North Korea's latest nuclear blast, whether an actual hydrogen bomb test or something short of that, reminds the world that, for all the jokes about him, the unpredictable dictator in Pyongyang is no joke.
Kim Jong-un's threats and increasingly capable weaponry are waking up civilized nations to the need to counter the nuclear unimaginable. The United Nations took only a matter of hours to condemn the nuclear bomb test and to signal for tighter sanctions. Hopefully, that body and our elected leadership will follow through with action.
Japan, already within range of current North Korea missiles, is now preparing to integrate its anti-missile operations with the U.S. Navy and to take a more active part in its own national defense. Updated U.S.-Japan defense guidelines and historic legislation enacted in Tokyo last year give Japan much greater flexibility to work seamlessly with its allies.

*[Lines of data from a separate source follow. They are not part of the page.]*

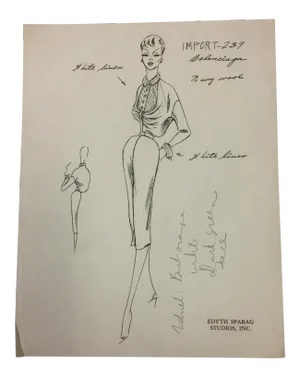 Original Fashion Drawing Edyth Sparag Studios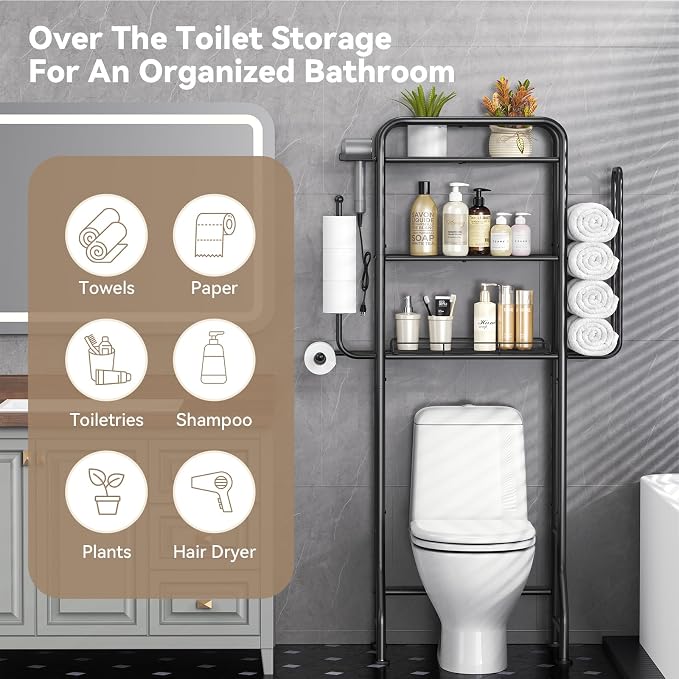 3-in-1 Over the Toilet Storage Rack, 3-Tier Toilet Organizer Shelf - Image 6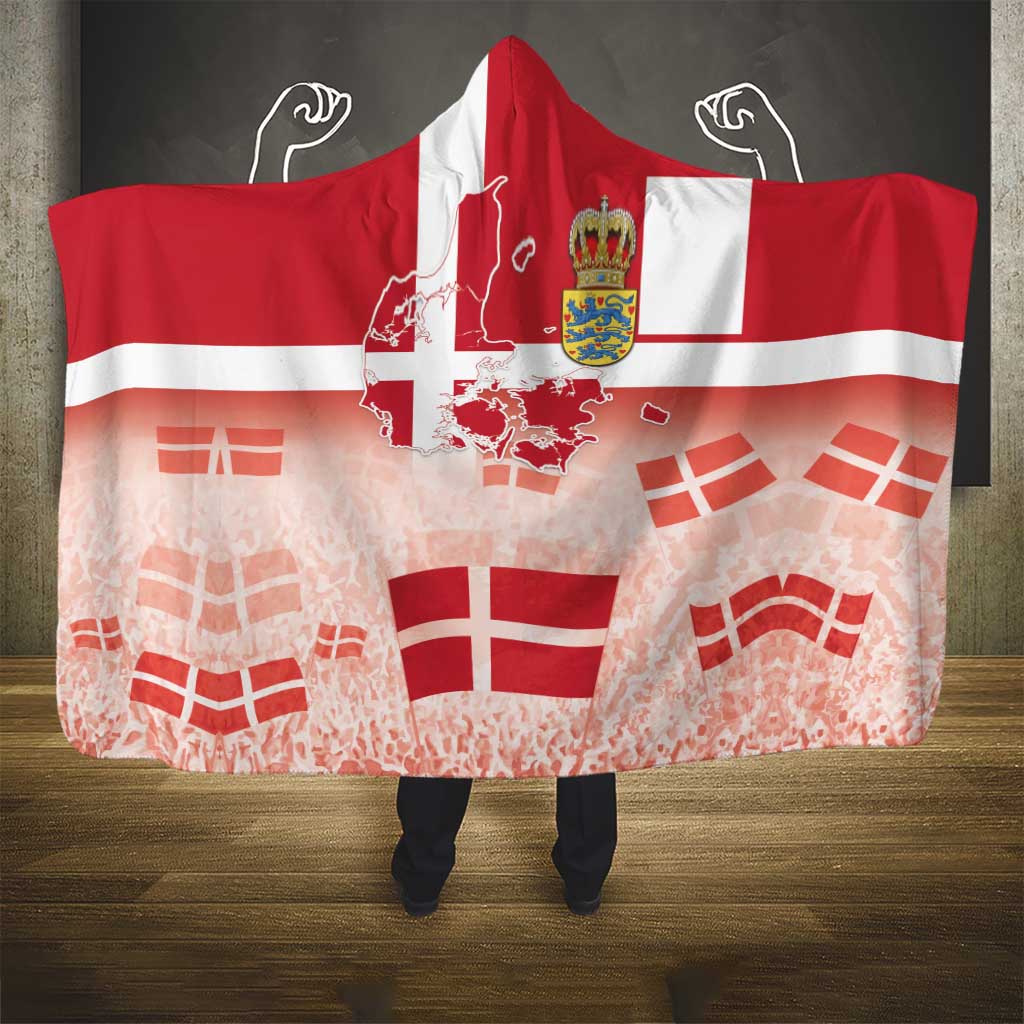 Danish National Flag Day Hooded Blanket Coat Of Arms With Map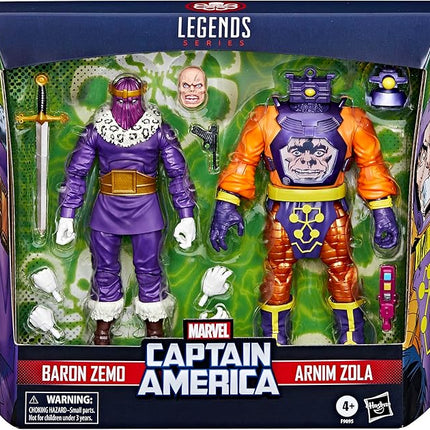 Marvel Legends Series Baron Zemo and Arnim Zola, Captain America Villains Comics Collectible 6-Inch Action Figures (Amazon Exclusive)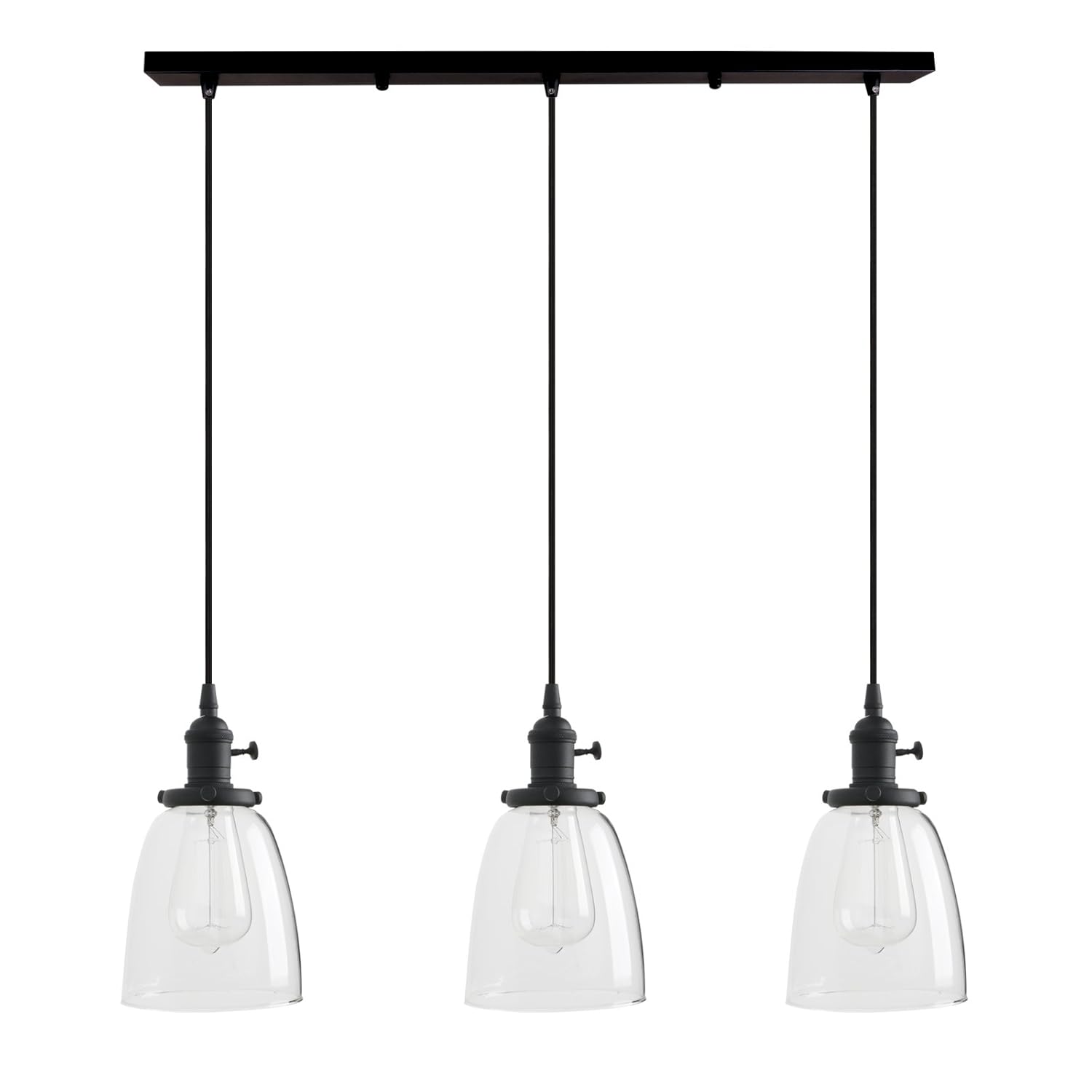 PathsOn Industrial Modern Vintage Loft Bar Kitchen 3 Lights Pendant Light Fittings Cluster Chandelier Glass Lampshade Hanging Ceiling Lamp Light Fixture for Living Room Dining...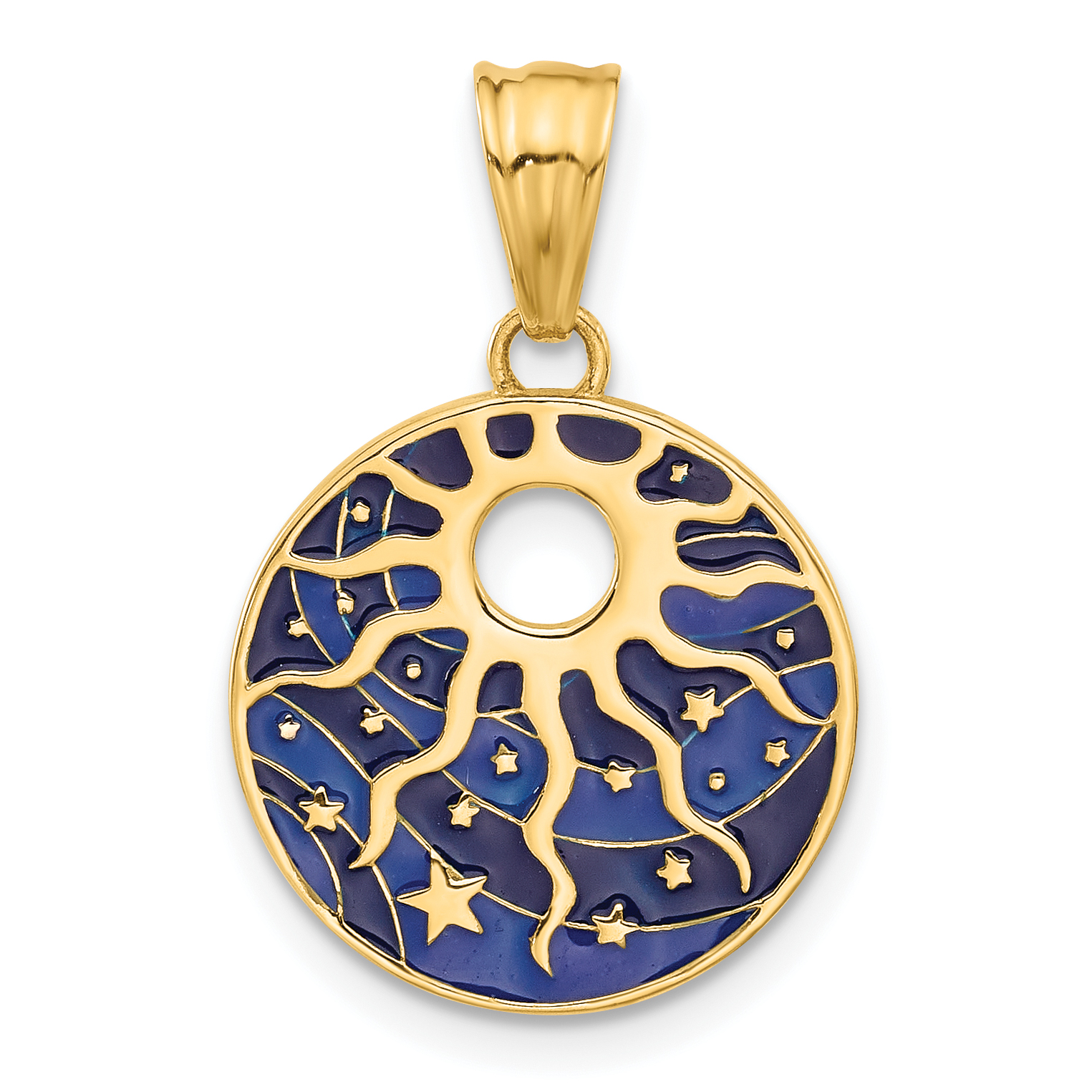 14K Polished Enameled Sun and Stars Pendant (C4888)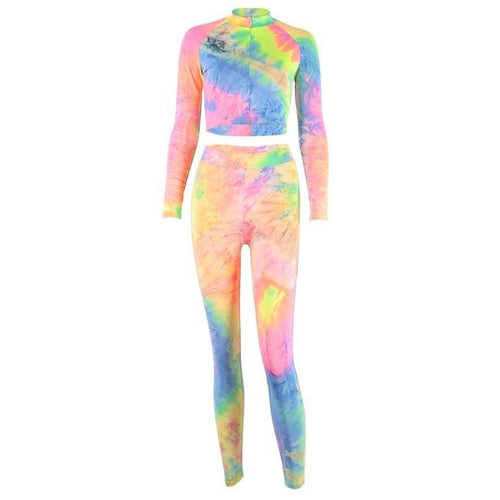 Two-piece suit jumpsuits women Tie-dyed elastic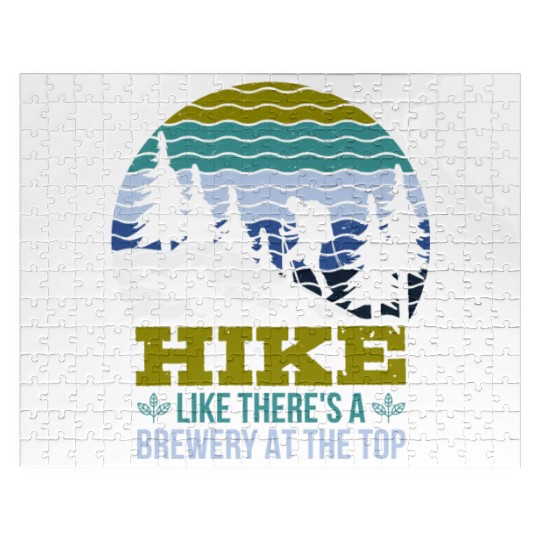 Hiker funny Beer lover Hiking Mountaineering Jigsaw Puzzles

Such coordination is promising. It means, for example, that if North Korea launches a missile, U.S. and Japanese forces will be looking at the same radar data on their computer screens and sharing information instantly so the threat can be tracked and engaged with greater accuracy.
We also have new reason for hope that a trilateral alliance of three powerful democracies--the United States, Japan and South Korea--will provide a more unified defense in the region. After years of strained tension, Japan and South Korea have taken major steps in recent weeks to strengthen their relationship.
But amid such signs of regional cooperation, a troubling factor remains. For decades, America's maritime presence has played a central role in maintaining peace and stability in the Asia Pacific's vast expanse of ocean and its critical shipping routes, which are so important to the world's economy and which are now under growing pressure.
As North Korea menacingly tests and fires its weaponry, China is rattling the nerves of its neighbors by claiming contested maritime areas, building artificial island military bases, and increasing military budgets at an alarming rate.
Despite these troubling challenges, the U.S. Navy's fleet is undergoing a decline in numbers and capability amid strained defense budgets, and we are losing the confident advantage we had in the 1990s. China launched more Navy ships than any other country in 2013 and 2014, the Pentagon said in its Asia-Pacific security strategy report last August. Their build-up has produced a Chinese fleet of 300 surface ships, submarines, amphibious ships, and patrol craft.
By contrast, the U.S. Pacific fleet is actually being reduced and now stands at about 190 ships, some 10 fewer than two decades ago. Even more concerning, the drop is part of an overall decline of the Navy's overall battle force, which means that when ships are sent to safeguard the Pacific, fewer are available to patrol other crucial regions, such as the Atlantic and Indian Oceans and the Mediterranean Sea.
The threats out of Pyongyang are having a sobering effect in many capitals, and it's time for Washington to take a long hard look and begin to restore our naval strength. A returned strong U.S. presence on the seas is essential for maintaining peace and prosperity both abroad and at home.